As Renewables Boom, Companies Explore Energy Storage Technology
NPR, April 4, 2016
Batteries can store energy for later, but companies are looking for cheaper alternatives. Three reporters examine technologies that employ air, salt and ice.
ARI SHAPIRO, HOST:
Renewable energy like solar and wind is finally coming of age. Costs are way down. Of course, the sun doesn’t always shine, and the wind doesn’t always blow when we need it to. It’s All Tech Considered.
(SOUNDBITE OF MUSIC)
SHAPIRO: Today the race to store energy – as our three stories point out, it is going far beyond the typical battery. Lauren Sommer from member station KQED in California starts us off.
LAUREN SOMMER, BYLINE: Like a lot of solar companies in California, things have been have extremely busy for Recurrent Energy and its vice president, Michael Wheeler. In his San Francisco office, he points to a screen showing how all their solar farms are doing.

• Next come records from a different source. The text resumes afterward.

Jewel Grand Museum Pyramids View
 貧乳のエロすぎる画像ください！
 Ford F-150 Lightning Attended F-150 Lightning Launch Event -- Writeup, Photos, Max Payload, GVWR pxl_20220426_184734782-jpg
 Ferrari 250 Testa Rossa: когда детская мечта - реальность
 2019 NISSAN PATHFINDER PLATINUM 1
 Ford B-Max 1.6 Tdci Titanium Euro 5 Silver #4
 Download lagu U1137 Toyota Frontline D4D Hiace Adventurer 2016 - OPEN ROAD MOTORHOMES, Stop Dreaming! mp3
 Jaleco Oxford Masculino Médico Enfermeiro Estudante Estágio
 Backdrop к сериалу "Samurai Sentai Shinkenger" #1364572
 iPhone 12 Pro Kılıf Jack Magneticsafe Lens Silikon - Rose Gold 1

MICHAEL WHEELER: Pretty much every day, we hit peak output.
SOMMER: But earlier this spring, something happened that at first doesn’t seem to make any sense. It was the middle of the day when one of their solar farms was cranking out electricity, and they got a message.
WHEELER: The grid operator is telling us they don’t need all of it.
SOMMER: There was too much electricity on the grid. The folks managing the grid were telling solar farms to shut down.
WHEELER: Project went from almost peak output to zero for about two hours.
SOMMER: This often happens in the spring when Californians aren’t using a lot of air-conditioning yet, and it’s only expected to get worse as solar keeps growing. The state plans to get fully half of its electricity from renewable sources in just 15 years.
WHEELER: We built these solar projects, and to the extent that we have to turn them off more and more often doesn’t make a lot of sense. It would be a lot better to figure out uses for that electricity.